プロローグ
「ねえ、あの日のこと、覚えてる?」
ふいに彼女が尋ねた。
「あの日のこと?」
反射的に僕はつぶやく。電話の向こうは驚くほど静かだ。きっと彼女は僕のつぶやきには応えるつもりがない。
目の前を通り過ぎていくたくさんの知らない顔。テレビの中でよく見ていた景色が目の前にある。太陽の光が水面にきらきらと反射している。ゴンドラを漕ぐ船頭が陽気な歌をうたっている。潮風が少しだけべたつく。
ずっと憧れていたこの地に来られたことを喜び、目に焼き付けておくべきなのに、僕はその景色より頭の中の記憶を片っ端からひっくり返すことを優先している。

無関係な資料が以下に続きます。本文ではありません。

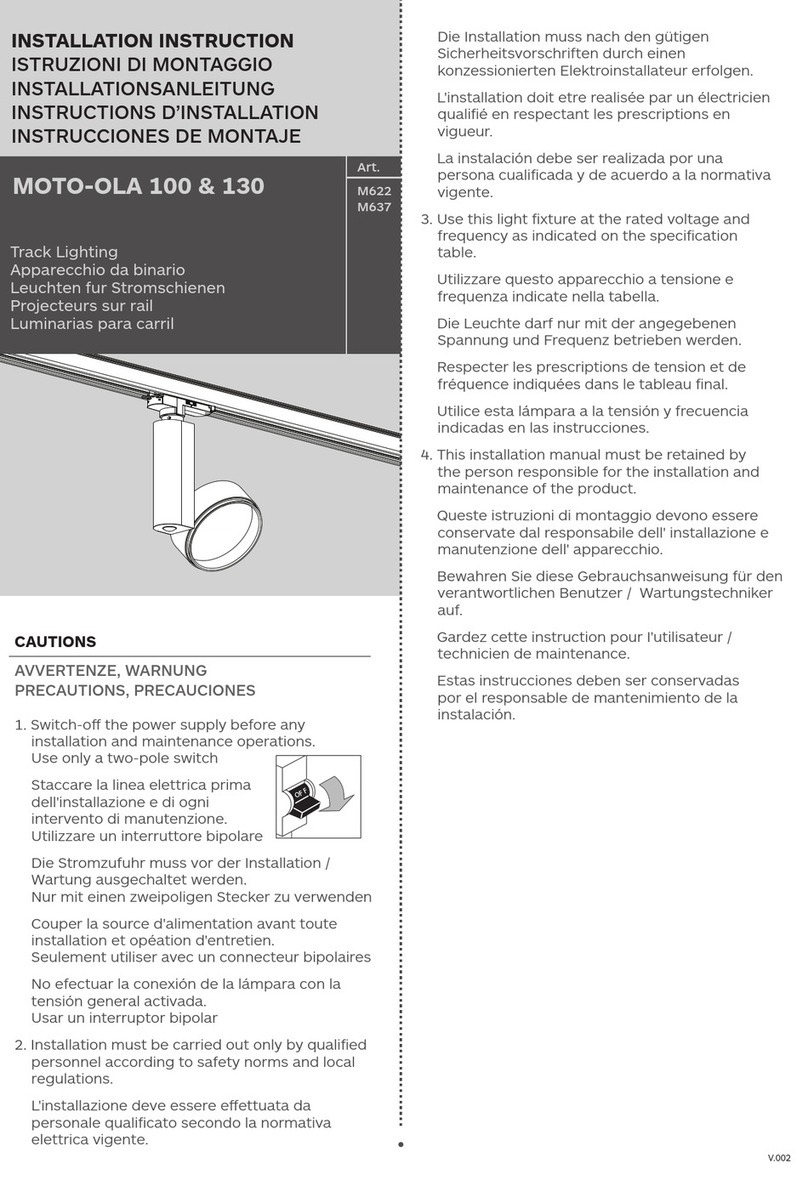 FormaLighting MOTO-OLA 100 Installation instruction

あの日とは一体、いつのことだろう。出会った日のことか、喧嘩をした日のことか。それとも僕が彼女の作った料理に珍しく異論を唱えた日のことか。
彼女と過ごしてきた日々が僕の頭の中をどんどん埋め尽くしていく。なにかヒントになるようなことはないか、彼女の言動や僕しか知らないであろう些細な仕草も、注意を払って慎重に探す。
そうやってしばらく逡巡するが、彼女の言う「あの日」がいつを指すのか、まったく見当がつかない。
「ごめん、あの日っていつのこと?」
そうして僕は、彼女の求める言葉を探すことをあきらめてしまった。
それを聞いた彼女はしばらく黙っていた。でもそれは、答えるかどうかを迷っている間ではない。
彼女の中で何かを整理するために必要な時間なのだろう。僕はそう解釈した。
「わからないならいいんだ。それじゃあ。さようなら。」
電話が切れる。
僕はもう彼女の中にあった正解にたどり着くことは二度とない。
僕は初めて降り立った憧れの場所で、携帯電話を握りしめながら、今しがた恋人としての関係に終止符を打った彼女、アカリのことを考えていた。